Find \(Var(Y|X=1.5)\).

\[f_{Y|X}(y|x) = \frac{f(x,y)}{f_X(x)} = \frac{1/2}{x/2} = \frac{1}{x}, 0 \le y \le x\]

\[\Rightarrow Y|X=x \sim UNIF(0,x)\]

\[E(Y^2|X=1.5) = \int_0^{1.5}y^2\cdot \frac{1}{1.5} dy = 0.75\]

\[ \Rightarrow Var(Y) = E(Y^2|X=1.5) - E(Y|X=1.5)^2 = 0.75 - 0.75^2 = 0.1875\]

Or use uniform properties,

\[Var(UNIF(0,1.5)) = \frac{(1.5-0)^2}{12} = 0.1875\]

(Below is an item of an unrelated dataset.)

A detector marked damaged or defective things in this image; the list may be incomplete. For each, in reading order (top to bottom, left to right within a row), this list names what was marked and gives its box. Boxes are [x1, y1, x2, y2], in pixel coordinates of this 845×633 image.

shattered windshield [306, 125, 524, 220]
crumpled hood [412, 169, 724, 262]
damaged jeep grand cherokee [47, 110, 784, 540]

Marginal mean through iteration

  • Iteration provides a very useful way of finding marginal means by averaging conditional means.
  • Specifically:

\[E(g(Y)) = E_X\left[E_{Y|X}(g(Y)|X)\right]\]

  • The subscripts indicate which density the expectation is with respect to.
  • If \(g(Y) = Y\), this simplifies to:

\[E(Y) = E_X\left[E_{Y|X}(Y|X)\right]\]

  • Can save you a lot of work; look for this always!

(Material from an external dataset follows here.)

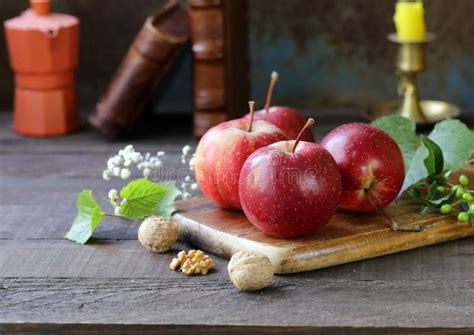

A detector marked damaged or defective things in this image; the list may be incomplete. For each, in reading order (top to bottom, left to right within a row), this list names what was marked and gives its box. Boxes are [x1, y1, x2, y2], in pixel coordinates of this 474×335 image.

rusty metal background [0, 0, 474, 113]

Proof: Marginal mean through iteration

  • We will prove in the jointly continuous case, joint discrete case replace \(\int\) with \(\sum\).

\[E(g(Y)) = E_X\left[E_{Y|X}(g(Y)|X)\right]\]

Proof:

\[E_X\left[E_{Y|X}(g(Y)|X)\right] = E_X\left[\int_{-\infty}^\infty g(y)\cdot f_{Y|X}(y|x)\,dy\right] \]

\[=\int_{-\infty}^\infty\left[\int_{-\infty}^\infty g(y)\cdot f_{Y|X}(y|x)\,dy\right]f_X(x)\,dx\]

\[=\int_{-\infty}^\infty\int_{-\infty}^\infty g(y)\cdot f_{Y|X}(y|x)f_X(x)\,dy\,dx\]

\[=\int_{-\infty}^\infty\int_{-\infty}^\infty g(y)\cdot f(x,y)\,dy\,dx = E(g(Y))\]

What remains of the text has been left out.